There are three towers at the site. The tallest one is a 55-metre-high civilian telecommunication tower, owned by Télédiffusion de France. The telecommunication tower is topped by a radome and contains a mode S air traffic control radar beacon system owned by the Directorate General for Civil Aviation. The radar has been in operation since 18 August 2009 but has experienced malfunctions due to heavy snowfall in the area.
The two remaining concrete towers are owned by the military. The 30-metre-high structures have been used since 1991 for radio transmission and reception. These are built to withstand the blast of a nuclear explosion.
Some buildings are used as garages and living quarters, complete with kitchen, dining room and bedrooms. They are linked together by tunnels, 400 metres in total length, so as to avoid walking through thick snow in winter when moving from one building to the other.

Underground facilities

The most important part of the site is the underground part, used for transmissions dispatch: at a speed of 2 Mb/s, communications from the towers are analysed, then redirected to be transmitted.
This part of the facility is supplied with chemical, biological, radiological, and nuclear defences. It defends against electromagnetic pulses using a Faraday cage. Positively pressured rooms help prevent contaminants from entering the facility. The facility has independent water and power supplies.

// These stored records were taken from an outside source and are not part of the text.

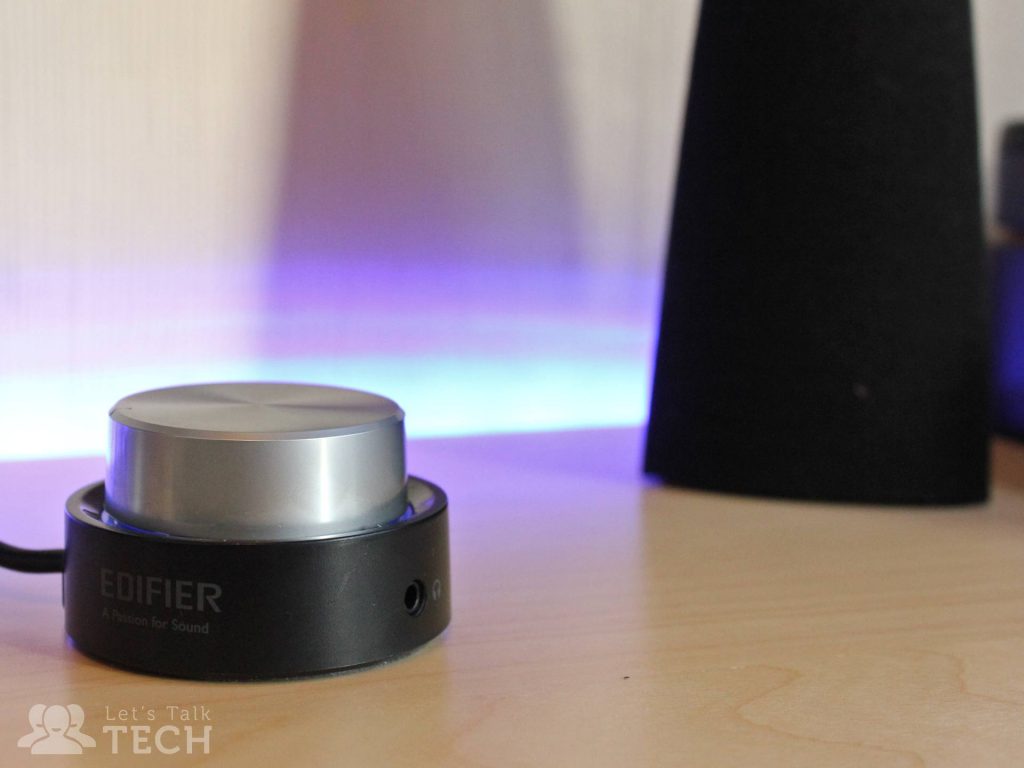edifier-m3200bt-speakers-review-volume-remote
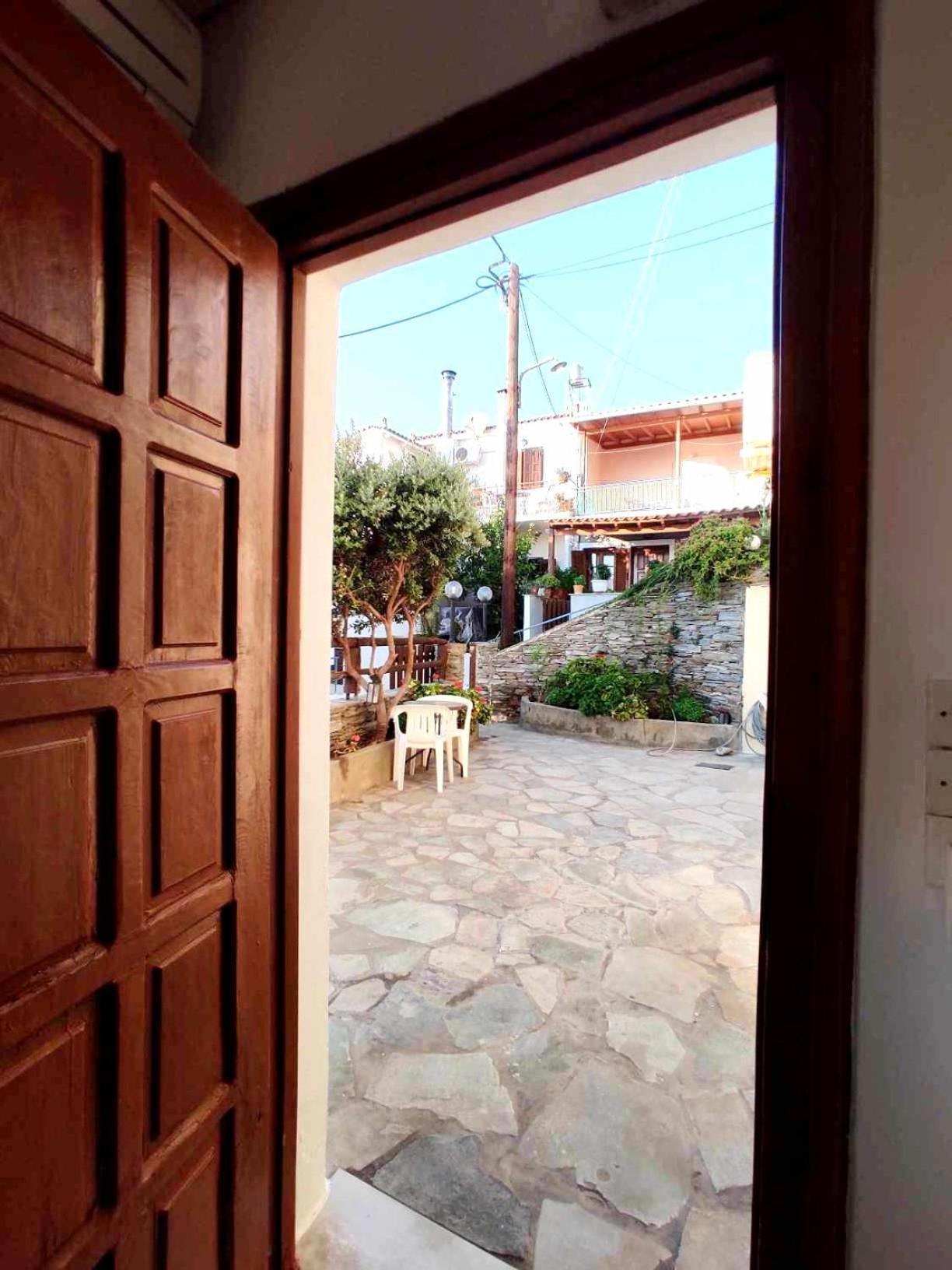 Ferienwohnung Politis Sudios Batsíon Exterior foto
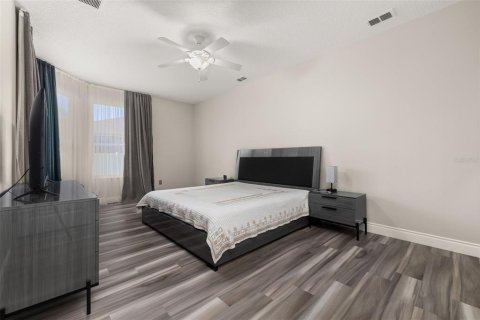 Villa ou maison à louer à Orlando, Floride: 5 chambres, 250.09 m2 № 2167364 - photo 20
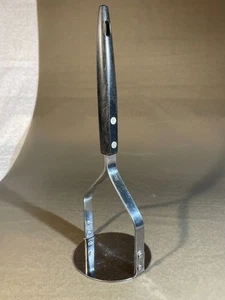 Vintage Kartoffelstampfer, massive Edelstahlklinge mit schwarzem Griff, USA (739 - Bild 1 von 3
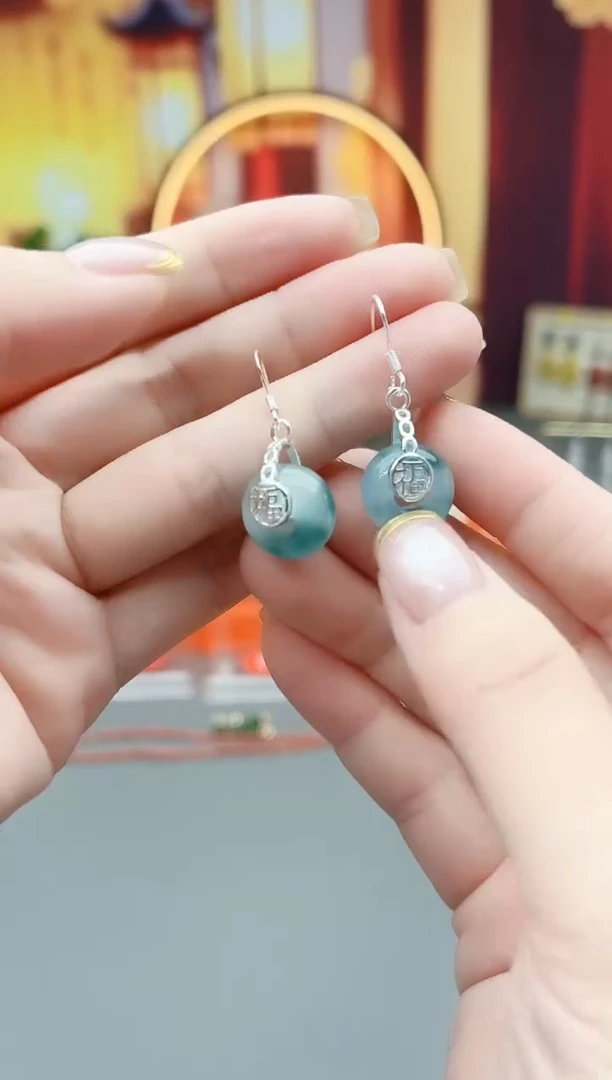 未镶嵌石英质玉（天山翠）耳钉721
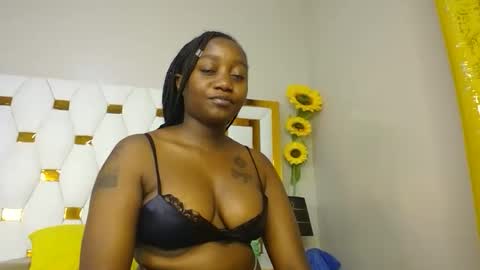 Snapshot of annabel038 chatting on January 2025 03:06:02 AM Annabel online show from January 2025 03:06:02 AM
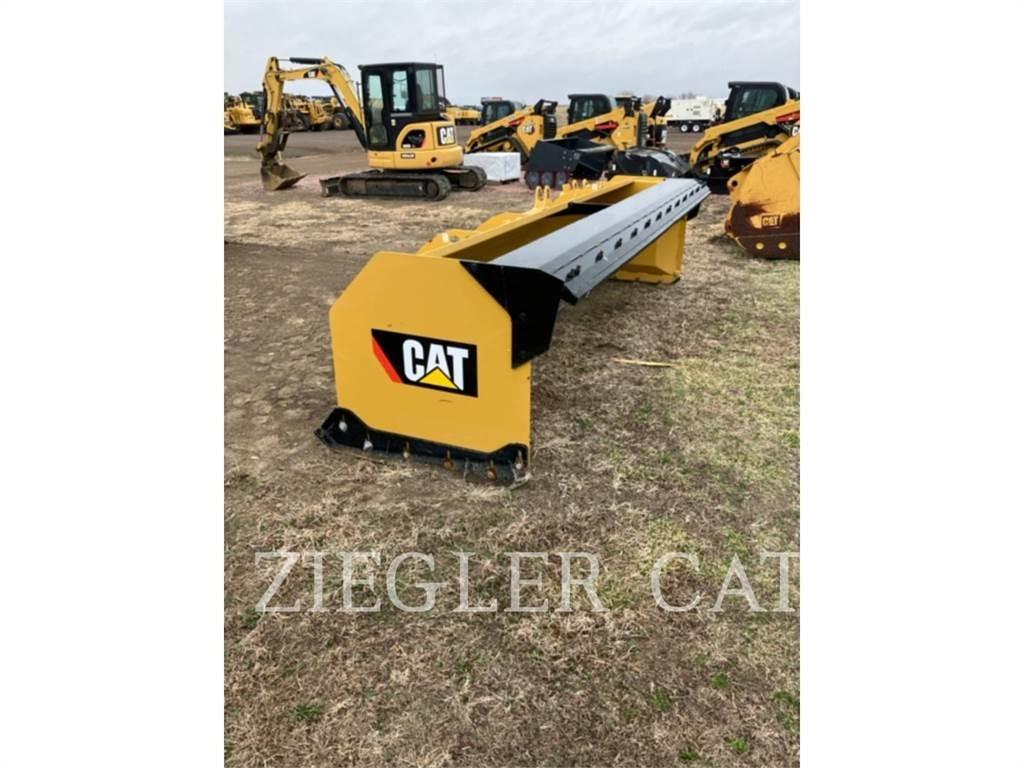 CAT STRAIT SNOW PUSHER Снегоуборщики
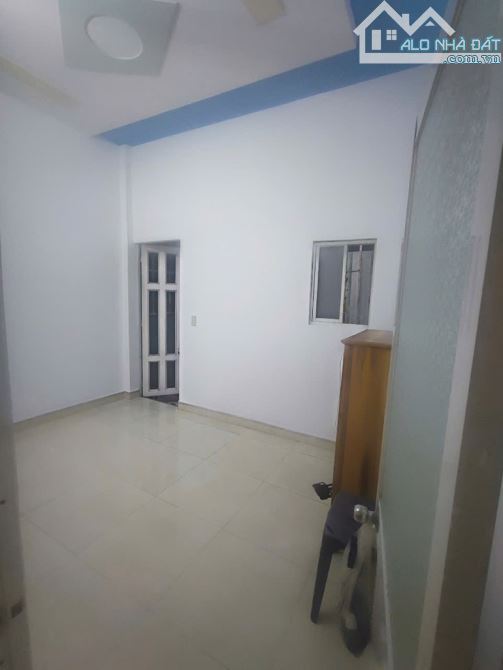 BÁN NHÀ gần Chợ Hiệp Thành-60m2 - 3PN (Có phòng dưới treeth) - 3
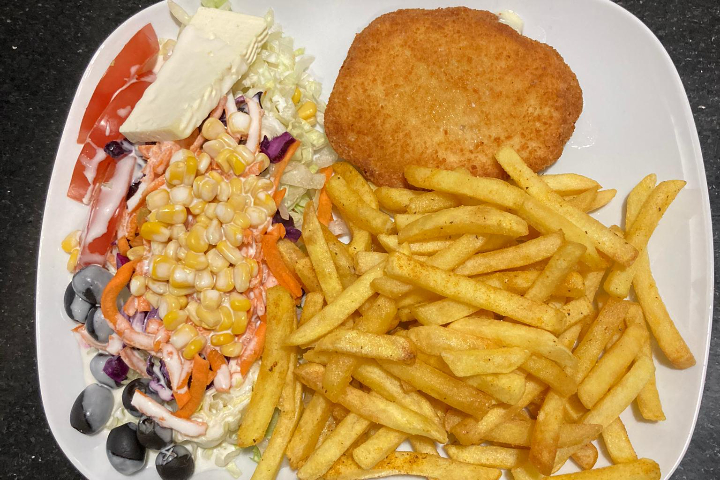 Schnitzel Teller - Triemli Treffpunkt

Controversy over Wikipedia article

In April 2013, the French-language Wikipedia article :fr:Station hertzienne militaire de Pierre-sur-Haute|Station hertzienne militaire de Pierre-sur-Haute attracted attention from the French interior intelligence agency DCRI. The agency attempted to have the article about the facility removed from the French-language Wikipedia. After a request for deletion in March 2013, the Wikimedia Foundation had asked the DCRI which parts of the article were causing a problem, noting that the article closely reflected information in a 2004 documentary made by Télévision Loire 7, a French local television station, which is freely available online and had been made with the cooperation of the French Air Force. The DCRI refused to give these details, and repeated its demand for deletion of the article.
The DCRI then forced Rémi Mathis, a volunteer administrator of the French-language Wikipedia, and president of Wikimedia France, under threat of detention and arrest, into deleting the article. The article was promptly restored by another Wikipedia contributor living in Switzerland.
As a result of the controversy, the article temporarily became the most read page on the French Wikipedia, with more than 120,000 page views during the weekend of 6/7 April 2013, and is now translated to many languages. For his role in the controversy, Mathis was named Wikipedian of the Year by Jimmy Wales at Wikimania 2013.